Y hay un cambio de oficio que conviene nombrar. Durante años, optimizar un sistema de software era, sobre todo, optimizar el código. Con los modelos de lenguaje, una parte enorme del trabajo es optimizar la inferencia: elegir el tamaño de modelo adecuado para cada tarea, recortar los prompts, limitar la longitud de las respuestas, decidir cuándo compensa el speculative decoding y gestionar bien la caché. Es una disciplina nueva, y nace entera de la física que acabamos de describir.
Dos tiempos, una sola apuesta
Hemos seguido el viaje completo, desde que pulsas enter hasta la última palabra de la respuesta, y todo encaja en una sola idea: la inferencia tiene dos tiempos con físicas opuestas. Primero el prefill, donde el modelo lee tu prompt entero de una sola pasada y en paralelo, y de ahí viene la pausa inicial. Después el decode, donde escribe la respuesta palabra a palabra, con una pasada completa por cada una, y de ahí viene el chorro. El KV cache es lo que mantiene ese chorro a un ritmo estable, el sampling es cómo se elige cada palabra del reparto de probabilidades, y el speculative decoding es el truco para que lo secuencial duela menos.
Si te quedas con una sola idea, que sea esta: el modelo no “genera texto” como un acto único. Hace la misma apuesta de Shannon que vimos en el artículo anterior —¿qué palabra viene ahora?— una y otra vez, una pasada por cada palabra. Toda la asimetría que notas, y casi todo lo que se paga por ella, sale de un hecho simple: leer se puede hacer de golpe, y escribir no.

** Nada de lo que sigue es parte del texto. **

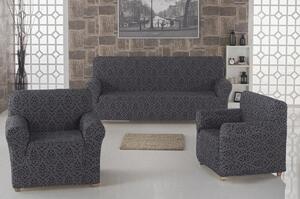 Set huse elastice pentru canapea 3 Locuri si 2 fotolii, fara volanas, model Jacquard Cenusiu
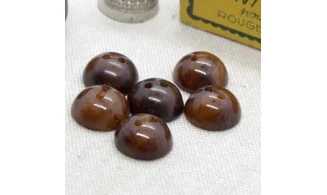 6 boutons / 14MM / Brun Demi sphère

Con esto la serie queda redonda. El token es la moneda, el contexto es la memoria, el embedding es el mapa, el transformer es el motor, y la inferencia es el viaje: lo que ocurre cada vez que pones el motor en marcha.

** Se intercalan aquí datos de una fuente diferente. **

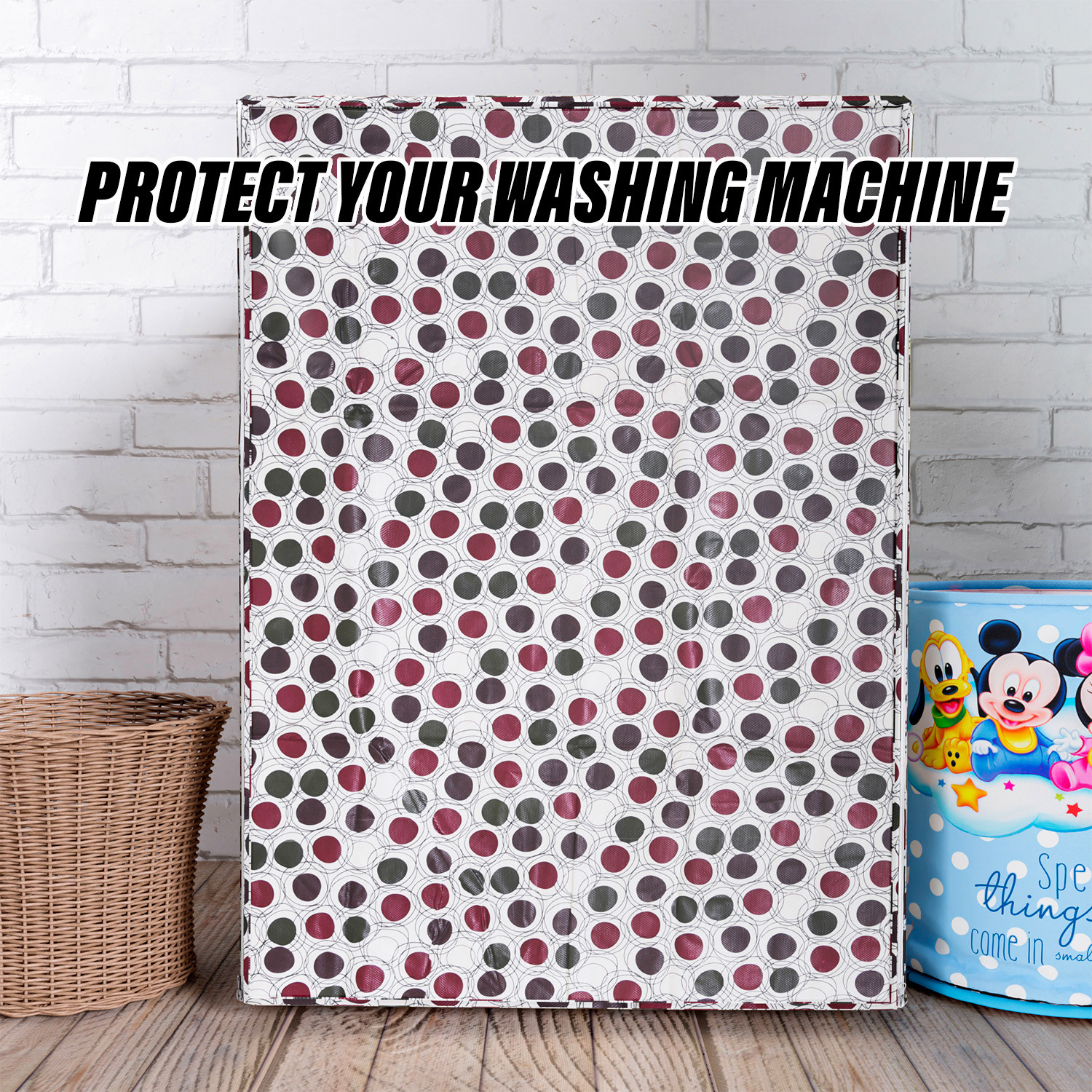 Kuber Industries Washing Machine Cover | Multi Dot Print Washing Machine Cover | PVC Front Load Washing Machine Cover | Cream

Pero hemos dado por hecho lo más importante, que el modelo apuesta bien. ¿De dónde sale ese criterio? Un modelo recién entrenado sabe predecir la palabra siguiente, pero no sabe, de entrada, comportarse como un asistente útil y prudente. Eso se le enseña en una segunda fase, y ahí aparece el RLHF que dejé plantado en el artículo anterior, con la penalización de Kullback-Leibler haciendo de correa. Cómo se entrena y se alinea un modelo será el próximo artículo.
Y te dejo con la pregunta práctica de siempre. La próxima vez que esperes mirando una respuesta, fíjate en los dos tiempos: cuánto tarda en arrancar y cómo de rápido fluye después. Si trabajas con estos modelos, lleva esa mirada a tu caso concreto: ¿estás pagando, en dinero o en tiempo, por respuestas largas que en realidad nadie necesita tan largas? Casi siempre, el ahorro más fácil no está en lo que el modelo lee, sino en lo que le dejamos escribir.